## [WORK TASK]
Copy out and return the lines from the one holding "On the way in" to the end of the listing below, both included, omitting the pictures.

===== EXERCISE INPUTS =====

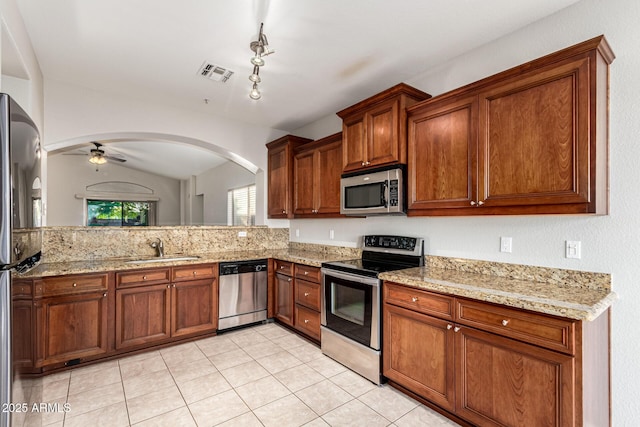 3152 N 83rd Pl, Scottsdale, AZ 85251 - kitchen with appliances with stainless steel finishes, a ceiling fan, light tile patterned floors, arched walkways, and lofted ceiling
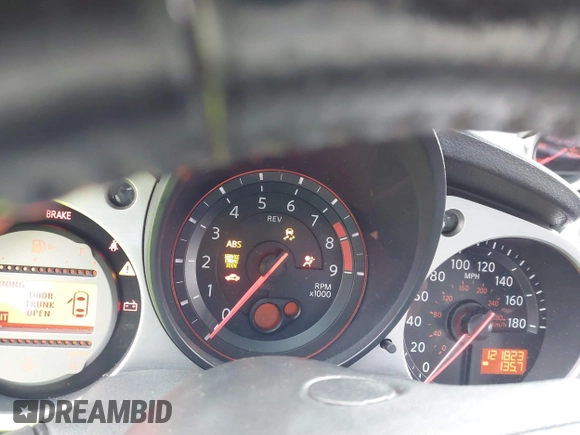 2012 Nissan 370Z Touring with VIN JN1AZ4EH4CM565125, listed as a IAAI auction lot 41630602 with 121,823 mi miles. Bid and sale history available at carsss.com. Image 7.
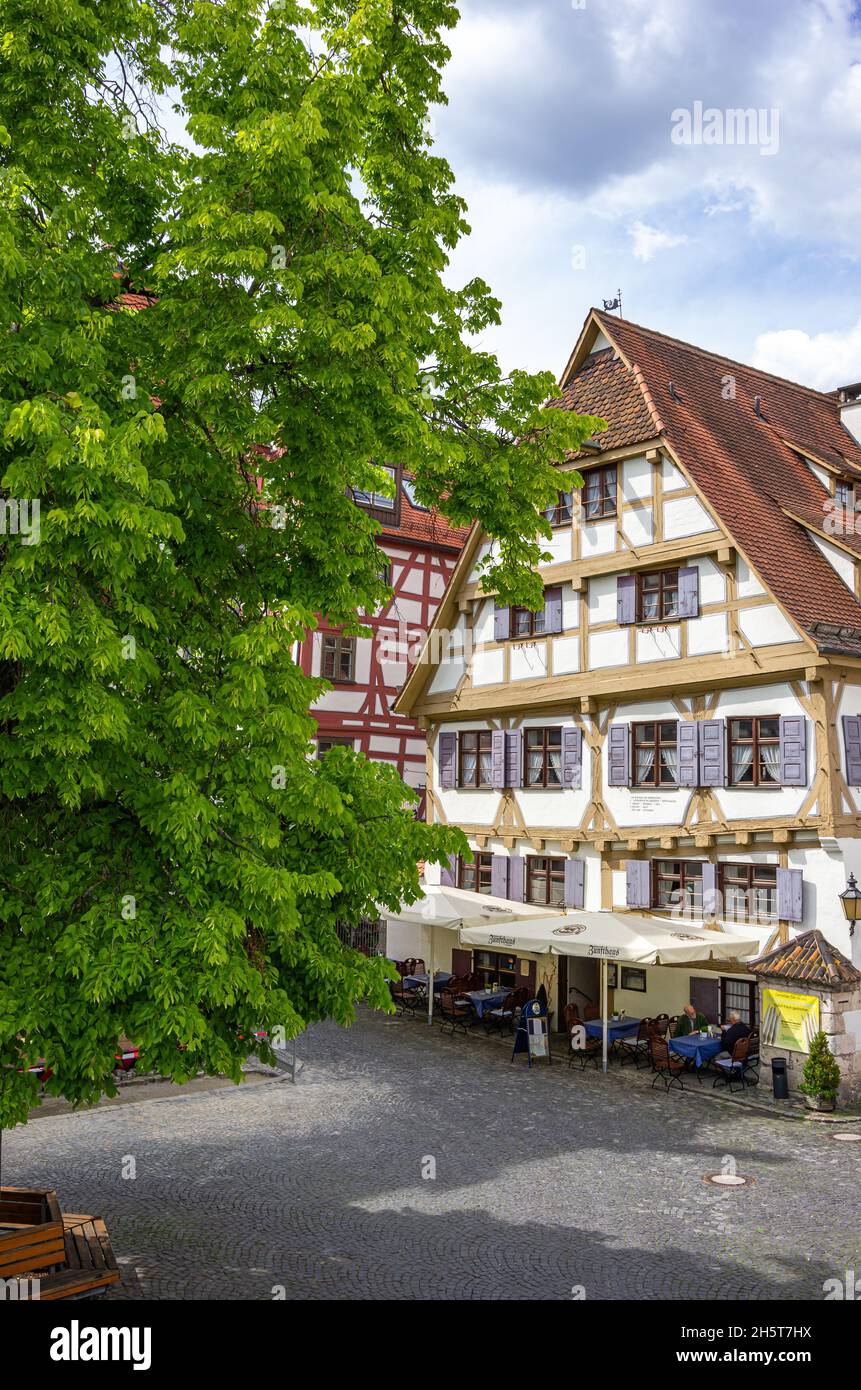 On the way in the fishermen's quarter of Ulm, Baden-Württemberg, Germany: The Guild House of the Shipmen in Fischergasse, nowadays a popular inn. Stock Photo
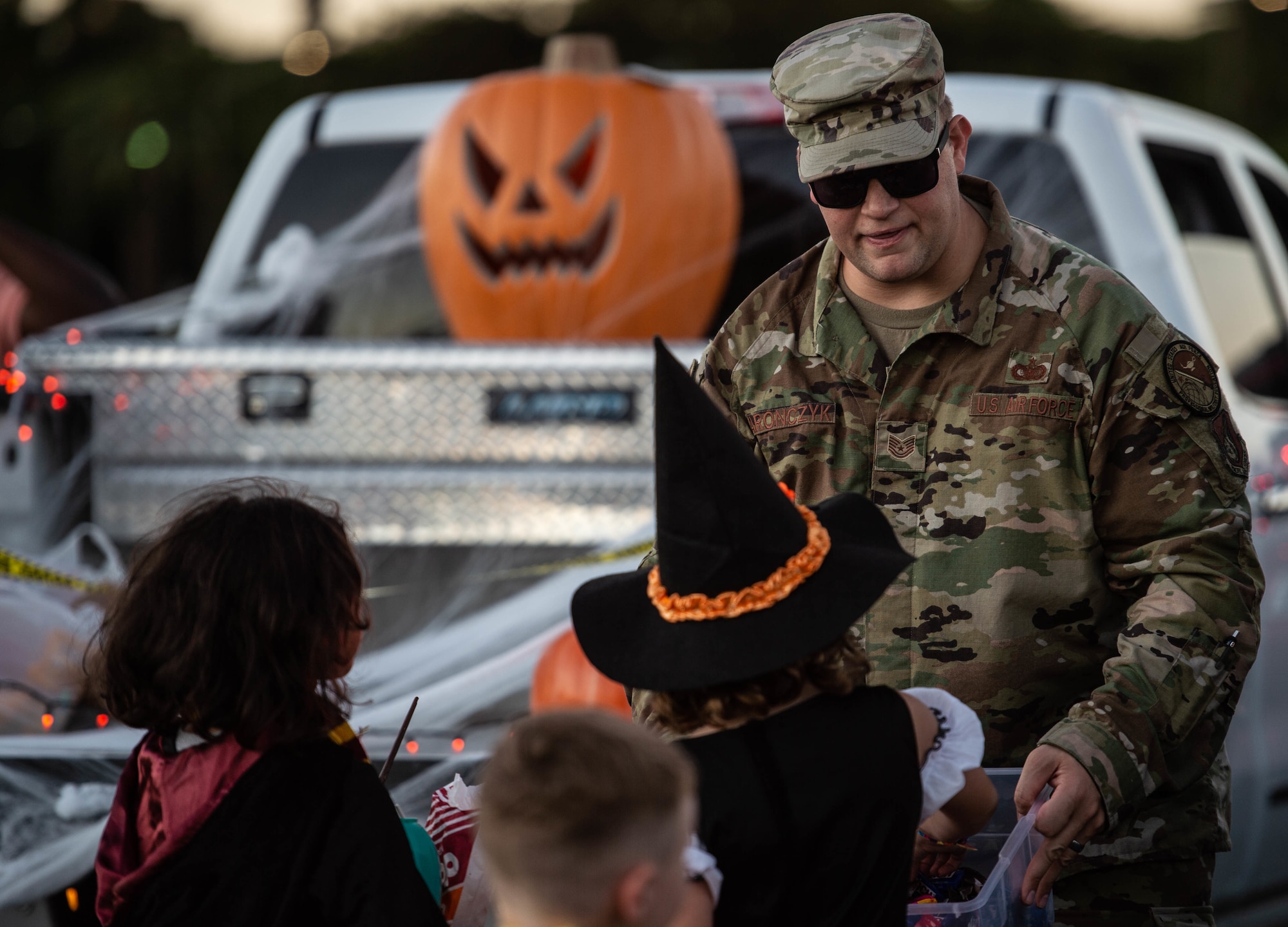 Tech. Sgt. David Yaronczyk, Chief Master Sgt. of the Air Force James C. Binnicker Professional Military Education Center instructor, gives out candy to trick-or-treaters during “The Trunk of Treats'' event at Joint Base Pearl Harbor-Hickam, Hawaii, Oct. 29, 2021. Yaronczyk, along with his Airmen that are currently enrolled in Airman Leadership School, Flight 22A, passed out sweets. (U.S. Air Force photo by Senior Airman Alan Ricker)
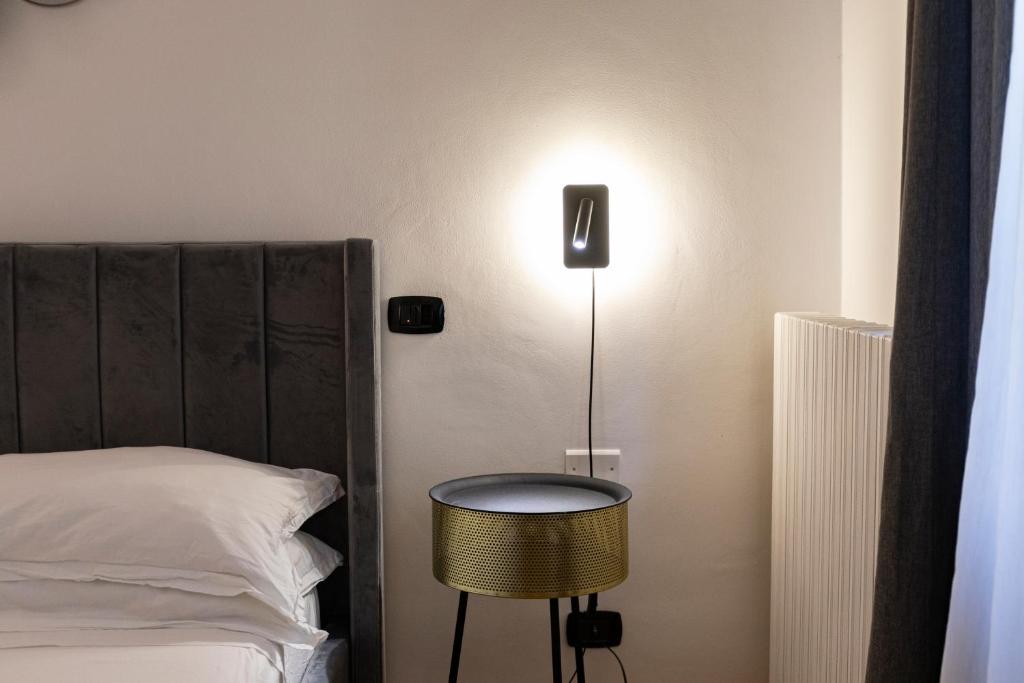 A bed or beds in a room at Dimora San Bartolomeo
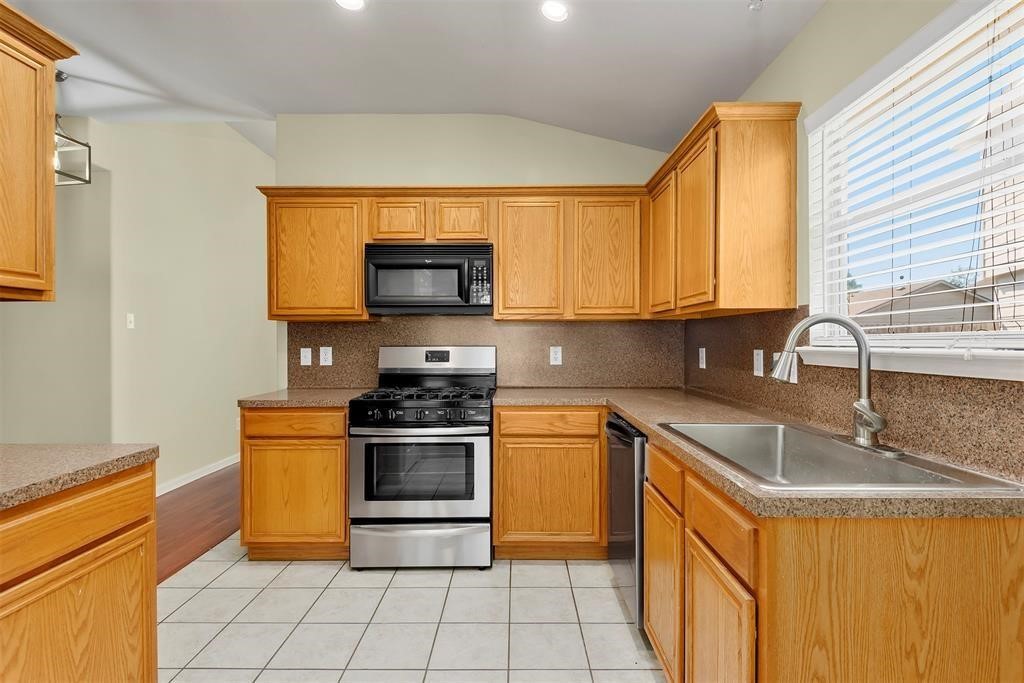 20231 Ribbonwood Point Court Tomball, TX 77375 - Photo 3 of 10 a kitchen with stainless steel appliances granite countertop a sink and a stove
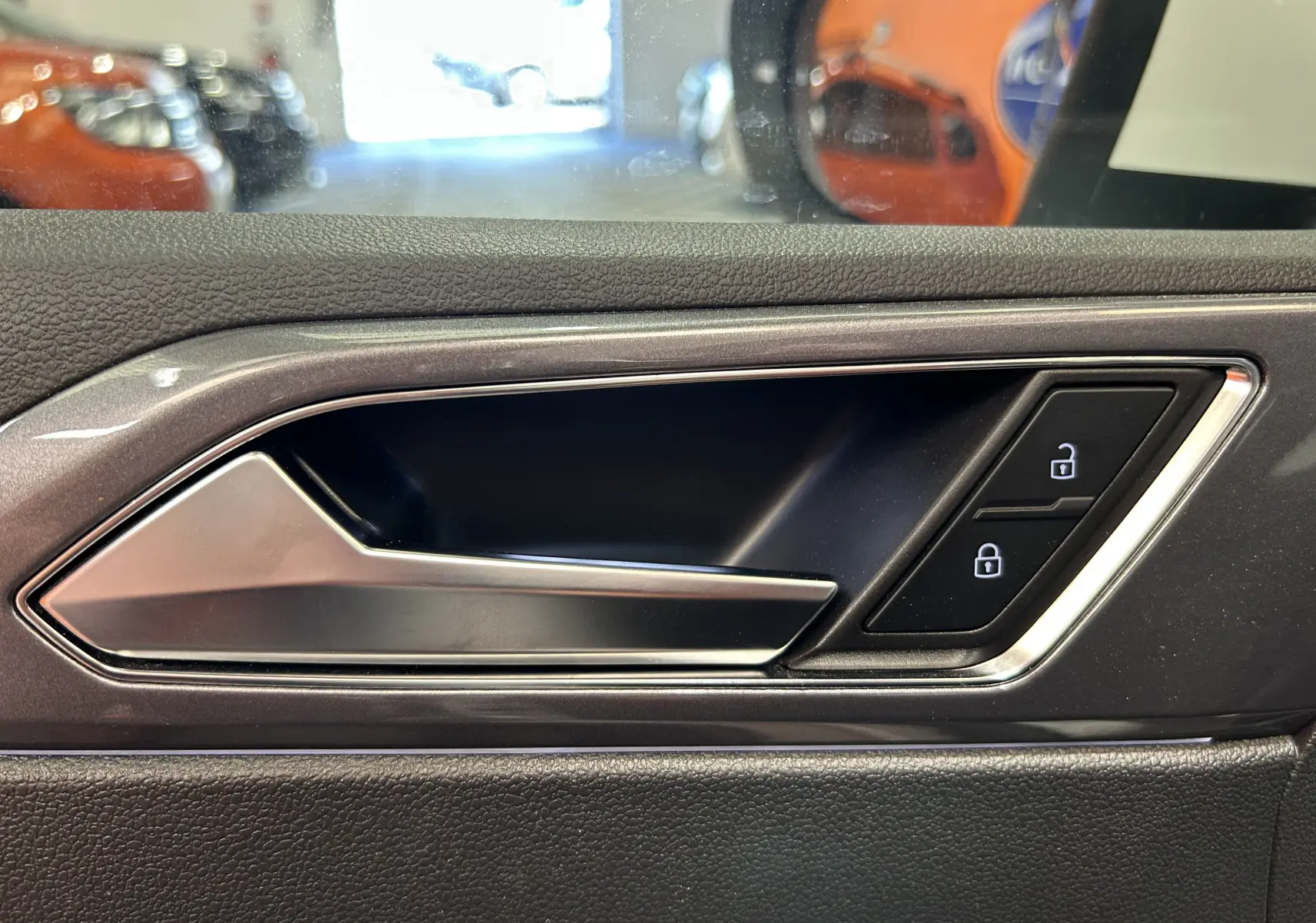 Poignée intérieure côté gauche de la porte d'une Volkswagen Taigo blanche, avec boutons de verrouillage éclairés.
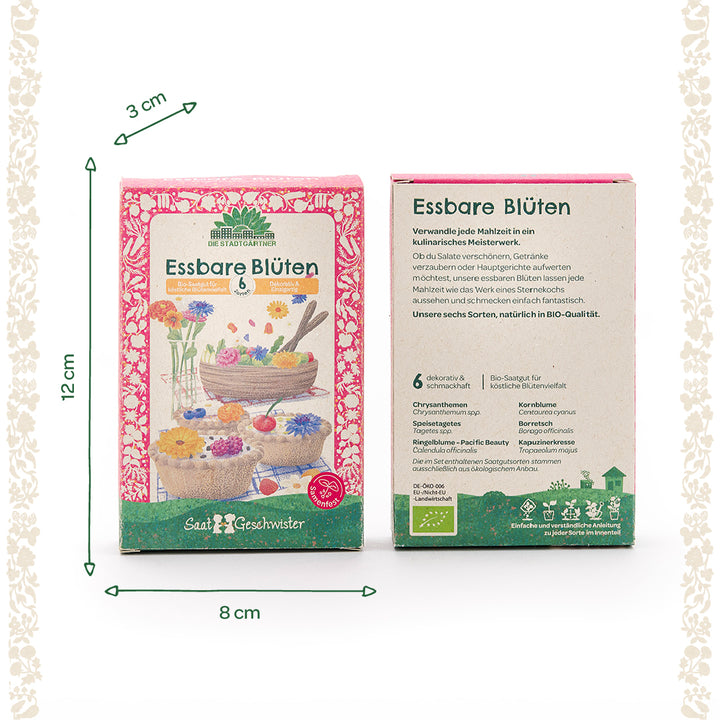 Zwei Packungen mit der Aufschrift "Essbare Blüten" von Die Stadtgärtner, jeweils mit Abbildungen von bunten Blüten auf Speisen sowie Produktinformationen und Sortenbeschreibung; Maße sind 12 cm hoch, 8 cm breit und 3 cm tief.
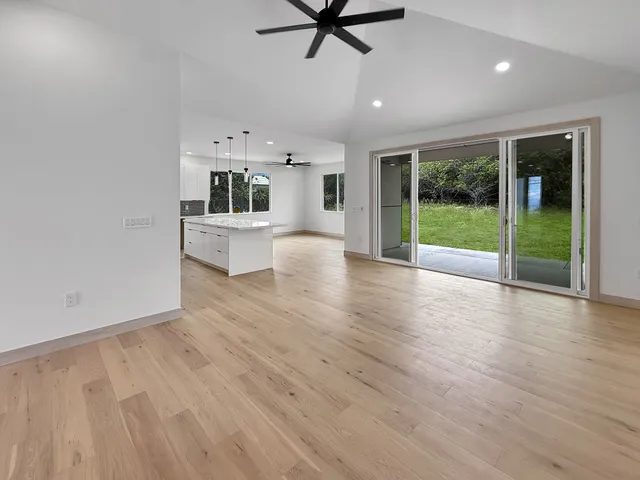 a view of open kitchen with wooden floor and a ceiling fan
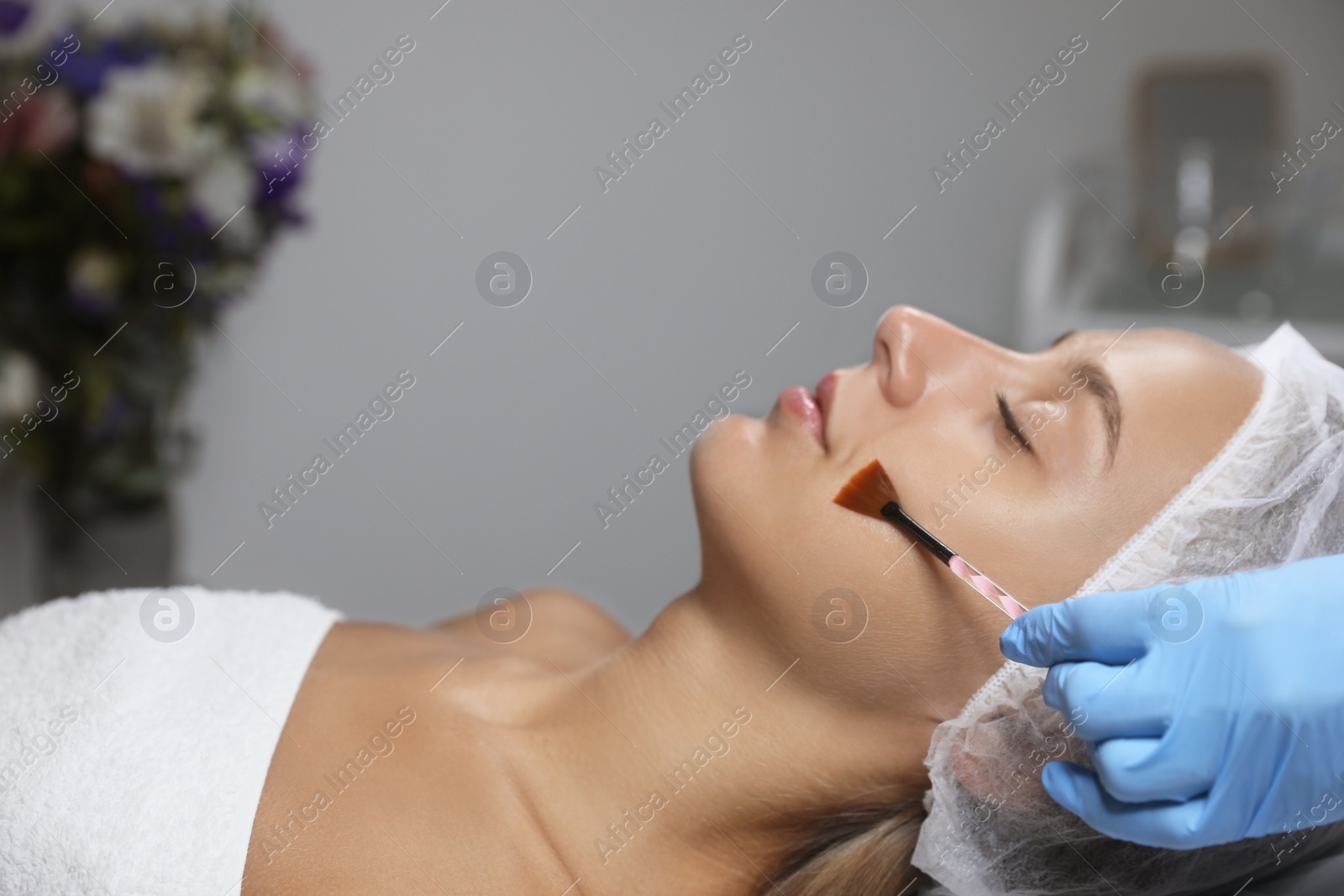 Photo of Cosmetologist applying chemical peel product on client's face in salon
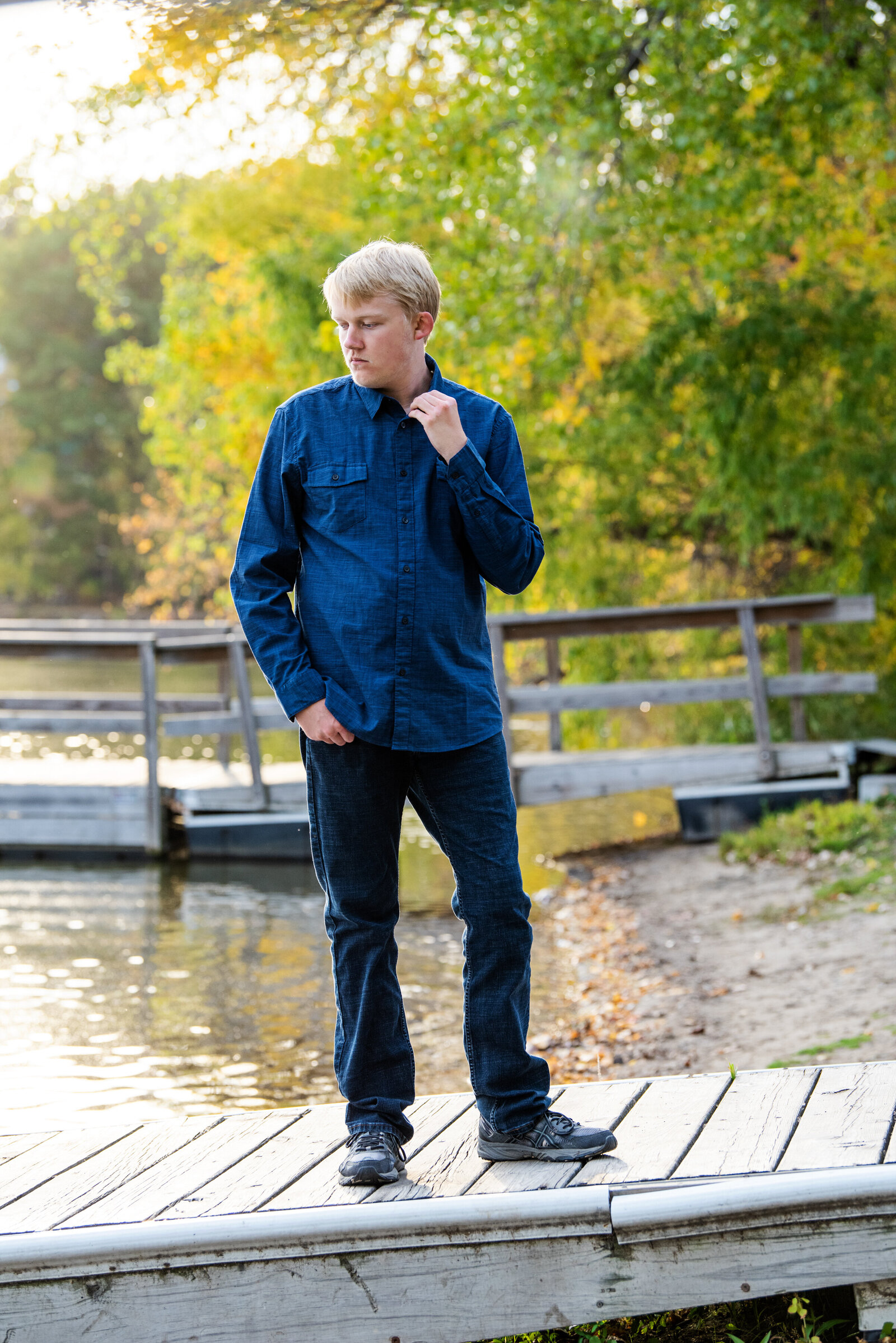 St. Anthony Village Minnesota high school senior wearing a casual outfit on the dock in nature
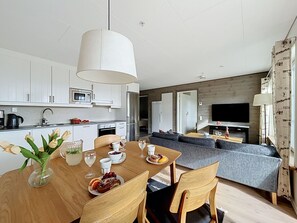 Una cocina moderna con armarios blancos, una mesa de comedor con sillas y una lámpara colgante grande de color blanco.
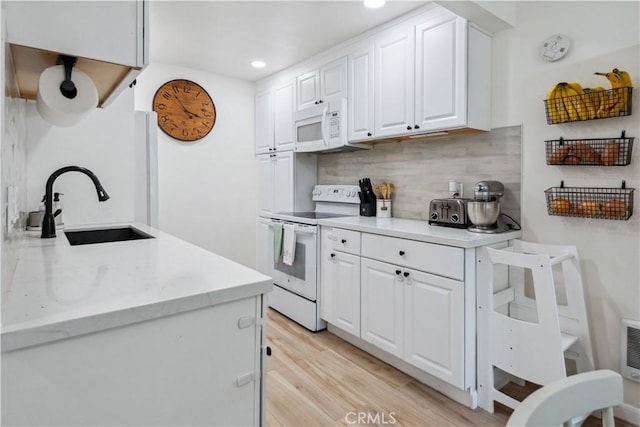 kitchen with a sink, white cabinets, white appliances, and tasteful backsplash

=====

## [TASK OUTPUT]
 On the way in the fishermen's quarter of Ulm, Baden-Württemberg, Germany: The Guild House of the Shipmen in Fischergasse, nowadays a popular inn. Stock Photo
 Tech. Sgt. David Yaronczyk, Chief Master Sgt. of the Air Force James C. Binnicker Professional Military Education Center instructor, gives out candy to trick-or-treaters during “The Trunk of Treats'' event at Joint Base Pearl Harbor-Hickam, Hawaii, Oct. 29, 2021. Yaronczyk, along with his Airmen that are currently enrolled in Airman Leadership School, Flight 22A, passed out sweets. (U.S. Air Force photo by Senior Airman Alan Ricker)
 A bed or beds in a room at Dimora San Bartolomeo
 20231 Ribbonwood Point Court Tomball, TX 77375 - Photo 3 of 10 a kitchen with stainless steel appliances granite countertop a sink and a stove
 Poignée intérieure côté gauche de la porte d'une Volkswagen Taigo blanche, avec boutons de verrouillage éclairés.
 Zwei Packungen mit der Aufschrift "Essbare Blüten" von Die Stadtgärtner, jeweils mit Abbildungen von bunten Blüten auf Speisen sowie Produktinformationen und Sortenbeschreibung; Maße sind 12 cm hoch, 8 cm breit und 3 cm tief.
 a view of open kitchen with wooden floor and a ceiling fan
 Photo of Cosmetologist applying chemical peel product on client's face in salon
 St. Anthony Village Minnesota high school senior wearing a casual outfit on the dock in nature
 Una cocina moderna con armarios blancos, una mesa de comedor con sillas y una lámpara colgante grande de color blanco.
 kitchen with a sink, white cabinets, white appliances, and tasteful backsplash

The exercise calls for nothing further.